Andere griechische Flüchtlinge unterstützte Bessarion ihr Leben lang finanziell, zum Beispiel den Gelehrten Michael Apostolios[12]. Aus einem Brief des Georgios Amirutzes von 1461 - Amirutzes stammte wie der Kardinal aus der gerade gefallenen Stadt Trapezunt - geht außerdem hervor, dass Bessarion nach der Eroberung von Konstantinopel viele der dort gefangenen Griechen freigekauft hat[13].

Durch das Freikaufen seiner griechischen Landsleute, Beschaffen von Lehr- oder Übersetzungsaufträgen und durch finanzielle Unterstützung hat Bessarion vielen der oft mittellos in Italien eintreffenden Byzantinern den Lebensunterhalt gesichert. Zugute kamen dem Kardinal dabei seine Beziehungen zu hohen Persönlichkeiten aus Kirche und Politik, sowie zu führenden Humanisten seiner Zeit. Dadurch, dass die von ihm unterstützten Gelehrten ihre Schüler in griechischer Sprache und Kultur unterrichteten, hat Bessarion sicherlich zur Verbreitung des Griechentums beigetragen.

Um das „geistige Erbe des Griechentums“[14] für die Nachwelt zu sichern, setzte Bessarion sich außerdem dafür ein, dass griechische Handschriften in den Westen geholt wurden, um dort an einem sicheren Platz aufbewahrt zu werden. In einem wahrscheinlich an Michael Apostolios adressierten Brief schrieb der Kardinal kurz nach der Eroberung Konstantinopels:

„Wenn die Griechen jetzt auch noch dieses verlieren, (...), dann werden sie mundtot, dann unterscheiden sie sich auch nicht mehr von Barbaren und Heloten. (...). Solange ein gemeinsamer Mittelpunkt aller Griechen bestand, dachte ich nicht daran, weil ich dort alles wohl aufbewahrt wußte. Als aber die Stadt fiel, da regte sich in mir das Verlangen nach dem Besitz all dieser Werke.“[15]

Bessarion gab deshalb den Auftrag, in Städten wie Athen, Adrianopel und Thessalonike möglichst viele griechische Handschriften für ihn aufzukaufen. An einen Mann namens Theophanes schickte er eine „Liste von besonders ausgesuchten Werken“[16] nach Athen.

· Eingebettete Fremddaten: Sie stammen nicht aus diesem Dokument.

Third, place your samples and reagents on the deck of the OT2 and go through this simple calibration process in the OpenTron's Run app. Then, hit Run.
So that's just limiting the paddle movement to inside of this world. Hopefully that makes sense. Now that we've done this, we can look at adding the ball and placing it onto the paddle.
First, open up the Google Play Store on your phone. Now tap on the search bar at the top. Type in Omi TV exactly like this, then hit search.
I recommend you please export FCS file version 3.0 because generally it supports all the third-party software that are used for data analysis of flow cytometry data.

Bis zu seinem Tod sammelte Bessarion auf diese Weise „600 Codices, heidnischen wie christlichen Inhalts“[17]. Diese Sammlung vermachte er dem Senat von Venedig. Die zahlreichen griechischen Handschriften bildeten „den Grundstock der Bibliothek der Kathedrale von San Marco“[18]. Mit dieser Sammlung rettete Bessarion griechisches Kulturgut über das Ende des Byzantinischen Reiches hinaus. In Venedig wurden die Schriften an einem zentralen und sicheren Ort aufbewahrt. Sie waren dort den im Exil lebenden Griechen und den westeuropäischen Gelehrten zugänglich und blieben auf diese Weise der Nachwelt erhalten.

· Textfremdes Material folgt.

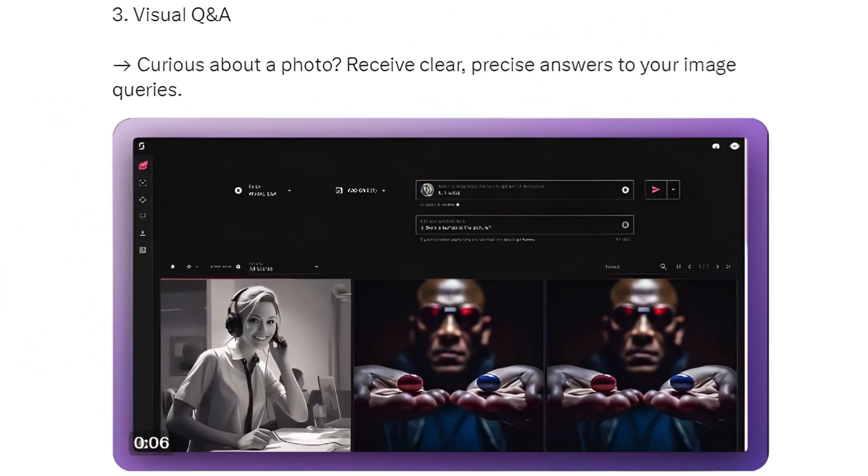Step 3: Visual QA — curious about a photo? Receive clear, precise answers to your image queries.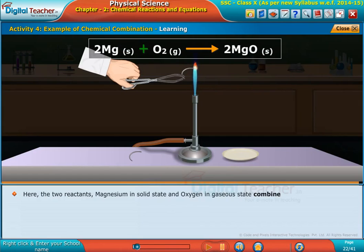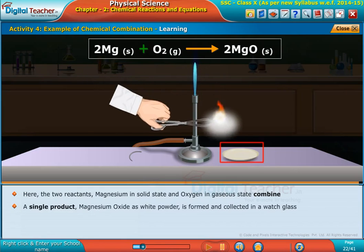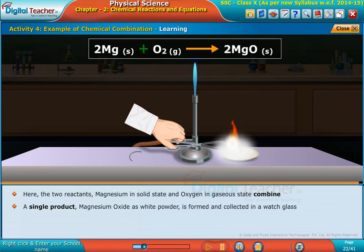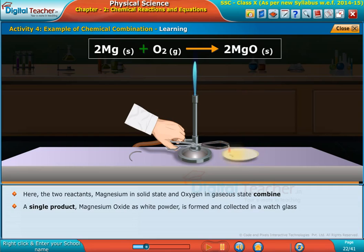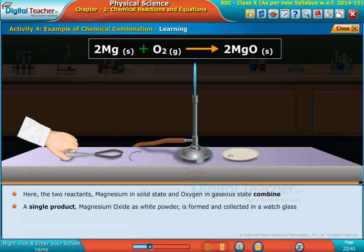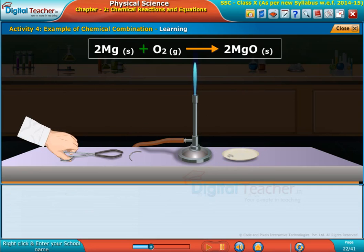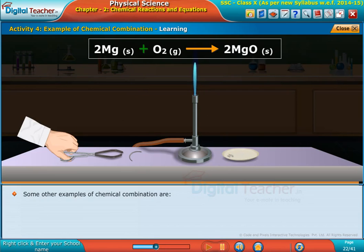Here, the two reactants — magnesium in solid state and oxygen in gaseous state — combine to form a single product, magnesium oxide, as a white powder collected in a watch glass. Some other examples of chemical combination are shown on screen along with their respective equations.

Ein geistiger Austausch zwischen griechischen und westlichen Gelehrten fand vor allem auch in dem um Bessarion versammelten Gelehrtenkreis statt. In diesem Kreis, auch „Akademie“ genannt, trafen sich „Lateiner und Griechen, Gläubige und Skeptiker, Theologen und Humanisten, Laien und Geistliche“ zum „freien Meinungsaustausch“[19]. Treffpunkt war hauptsächlich Bessarions Haus in Rom. Zu den Gelehrten gehörten auf Seite der Griechen unter anderem Theodoros Gazes, Demetrios Chalkondyles, Johannes Laskaris, Michael Apostolios und Andronikos Kallistos. Die Lateiner waren mit italienischen Gelehrten wie Valla, Domizio Calderini, Valerio von Viterbo und Flavio Biondo vertreten. Gemeinsam pflegte man die griechische und lateinische Sprache und Literatur und diskutierte über wissenschaftliche und humanistische Themen aus den verschiedensten Bereichen. Daneben widmeten sich die Gelehrten aber auch dem Sammeln alter Handschriften und ihrer Vervielfältigung. Auch neu erschienene Bücher und die Erfindung des Buchdrucks fanden Beachtung.[20]

[...]


[1] Mohler, Ludwig, Kardinal Bessarion als Theologe, Humanist und Staatsmann. Band 1: Darstellung, Paderborn 1967.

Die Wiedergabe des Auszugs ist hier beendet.